What comes to your mind when you think of oatmeal? Is it an image of the plain porridge you used to have to scarf down as a child? Or is it an image of a package of instant, just-add-water oatmeal? Well, not to worry – oatmeal has come leaps and bounds from being the “boring breakfast” it used to be! In addition to all the different flavor combinations you can add to it, there are also many health benefits associated with eating oatmeal.

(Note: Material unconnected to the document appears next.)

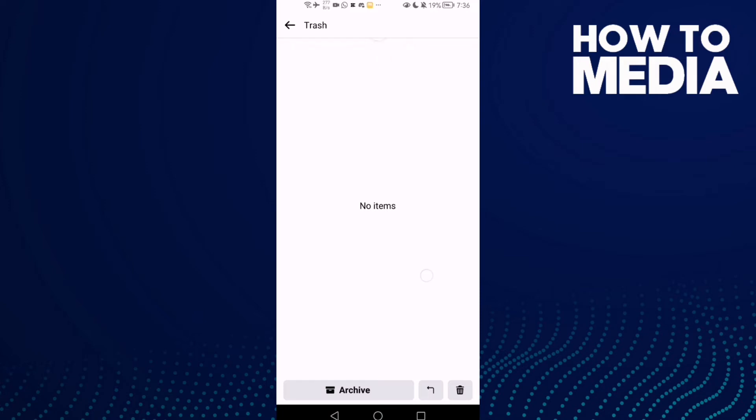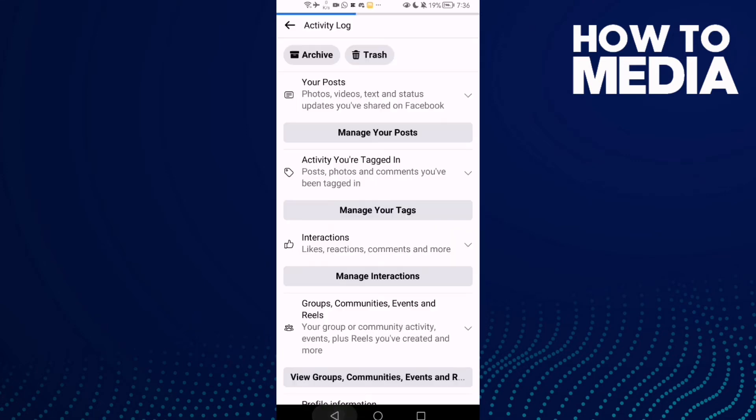review your trash on Facebook Lite. And that's how to review it. It's easy, of course.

Oats are full of filling fiber, and this fiber does wonders for keeping your appetite satisfied for long periods of time. This high fiber content will keep you feeling full, so you’ll be less likely to reach for any junk food lying around. Have a bowl of oatmeal for breakfast, and you’ll find you won’t be hungry for at least 2-3 hours!
2. Cholesterol Control
The type of fiber found in oats is the soluble kind, and this travels around your body picking up extra cholesterol and getting rid of it so it never makes it to your bloodstream. Adding oats to your meals can help to cut down on the “bad” cholesterol in your body, leaving your arteries clog-free!
The fiber from oats can also help to maintain energy levels by managing your blood sugar levels. This means you won’t experience those highs and lows that you do after eating a meal or snack high in sugar. To watch your sugar intake even further, try making oatmeal from scratch using old-fashioned oats instead of buying instant oatmeal packages (although they’re still good in a hurry!).
4. Variety is the Spice of Life
This one’s a no-brainer – oatmeal is perhaps the most versatile breakfast out there, since there are endless amounts of combinations! Try adding a tablespoon of your favorite nut butter and berry preserves for a fun PB & J version, toss in some canned pumpkin for an autumn-inspired bowl, or just load up on your favorites – granola, mini chocolate chips, dried cranberries, chopped almonds, whatever you like!
Adding the banana to your oats is completely optional, but it does help to produce a creamier bowl. That also goes for the milk – feel free to use water instead! This will serve 2 healthy portions, or 3 mid-sized ones.
1 cup old-fashioned oats
1 cup water
1 cup milk (can be organic cow’s milk, almond, or hemp – they all work!)
1 banana, sliced (fresh or frozen)
1 tsp cinnamon
1 tsp ground flaxseeds
1 tbsp almond butter
1 tbsp chopped almonds
Bring oats, water, milk, banana and cinnamon to a boil in a saucepan over medium heat. Stir rapidly for a minute or so to ensure the banana is fully mixed in. Continue to cook for a few minutes until the oats reach your desired consistency. Spoon into a bowl and top with the flaxseeds, almond butter and almonds. Enjoy!
What’s your favorite oatmeal-topper? What else do you use oats for as part of your breakfast – smoothies, pancakes, muffins?